# What is needed
For this exercise, output the entries below exactly from the line that holds "FGWN9508 - FLORILE MELE 2018" to the line that holds "Thumbnail photo of Fergus & Murtagh #1", both ends included. No pictures belong in the copy.

# Data for the task

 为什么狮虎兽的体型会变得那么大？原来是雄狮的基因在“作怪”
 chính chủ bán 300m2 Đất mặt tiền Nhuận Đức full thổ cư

--

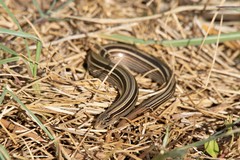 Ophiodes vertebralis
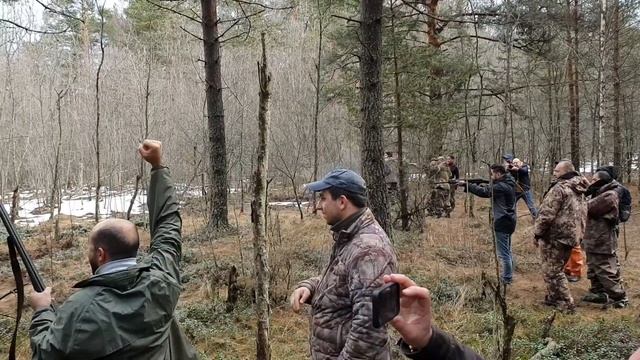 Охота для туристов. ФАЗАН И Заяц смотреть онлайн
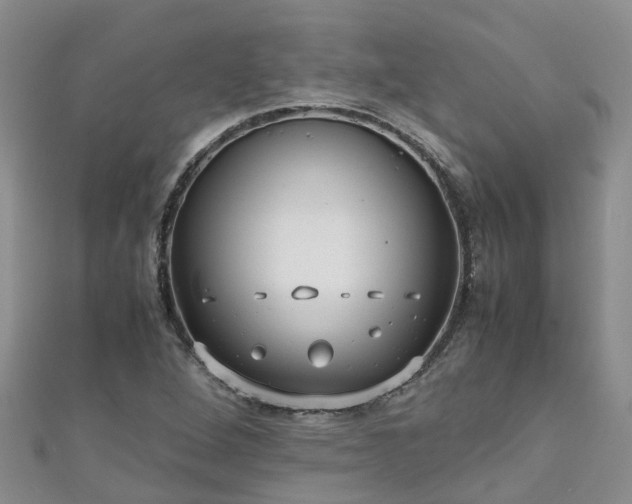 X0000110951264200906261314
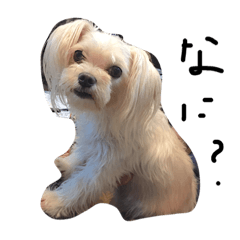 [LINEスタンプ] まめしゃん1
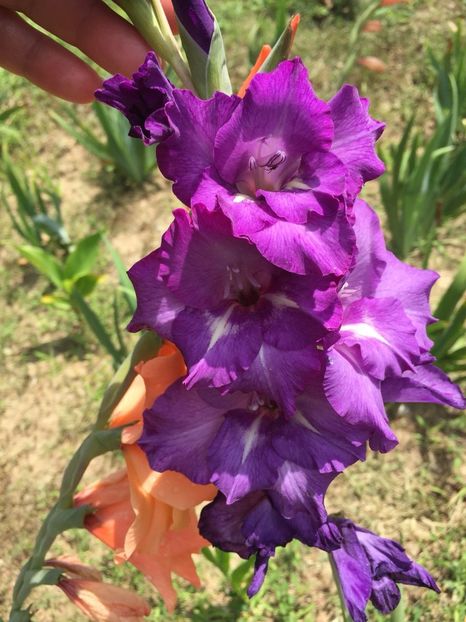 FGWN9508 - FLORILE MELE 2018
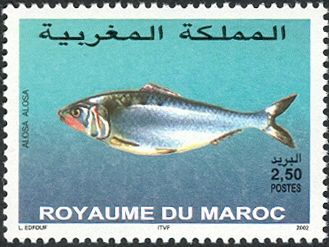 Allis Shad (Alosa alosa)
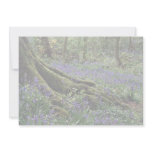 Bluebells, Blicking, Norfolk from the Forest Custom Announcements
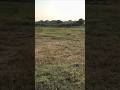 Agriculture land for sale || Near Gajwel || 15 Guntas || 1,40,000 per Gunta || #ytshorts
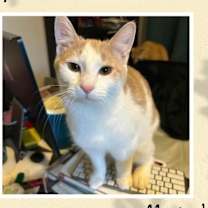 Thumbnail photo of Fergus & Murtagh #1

# Task result
 FGWN9508 - FLORILE MELE 2018
 Allis Shad (Alosa alosa)
 Bluebells, Blicking, Norfolk from the Forest Custom Announcements
 Agriculture land for sale || Near Gajwel || 15 Guntas || 1,40,000 per Gunta || #ytshorts
 Thumbnail photo of Fergus & Murtagh #1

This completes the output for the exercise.